What is needed — The answer must restate the listing word for word, without its images.

Supplied data —
+++++

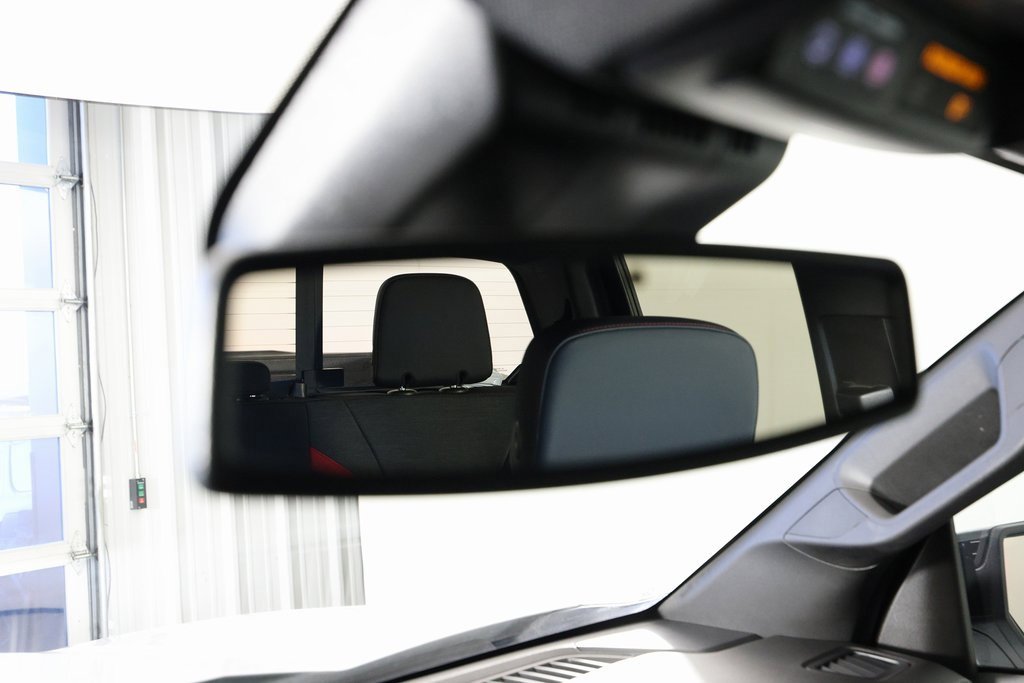 Used 2024 Chevrolet Colorado Z71 w/ Z71 Convenience Package 2 image 23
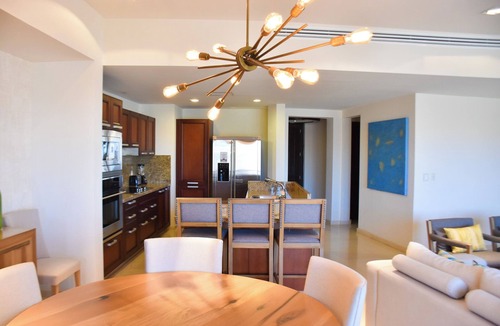 La Paz Condo | Luxury condo in Vistamar Puerta Cortes with access to beach clubs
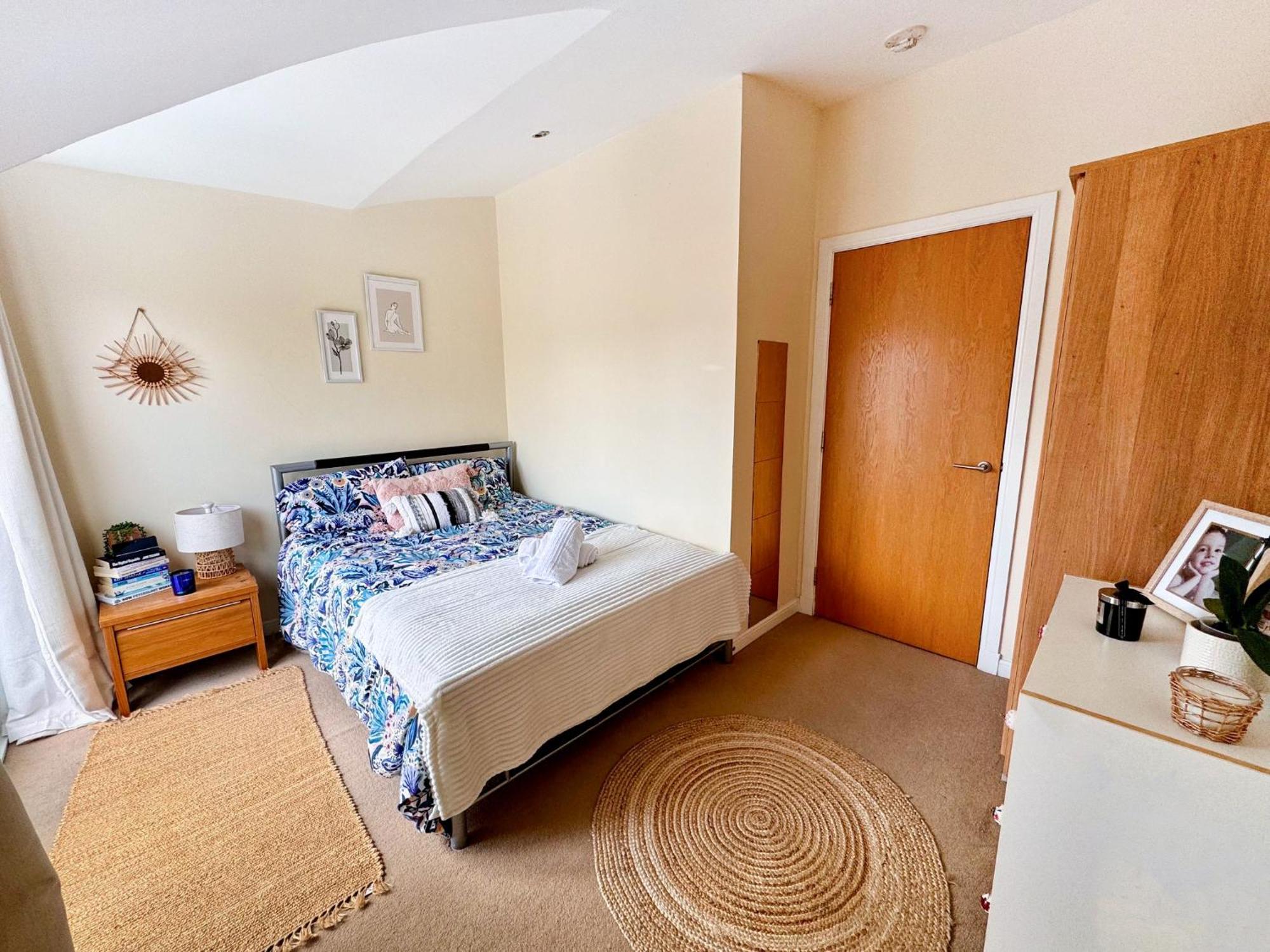 Arthurs Penthouse - Central Edinburgh Leith Walk 2-Storey Apartment - Free Parking & Fast Wifi المظهر الخارجي الصورة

+++++

Written reply —
 Used 2024 Chevrolet Colorado Z71 w/ Z71 Convenience Package 2 image 23
 La Paz Condo | Luxury condo in Vistamar Puerta Cortes with access to beach clubs
 Arthurs Penthouse - Central Edinburgh Leith Walk 2-Storey Apartment - Free Parking & Fast Wifi المظهر الخارجي الصورة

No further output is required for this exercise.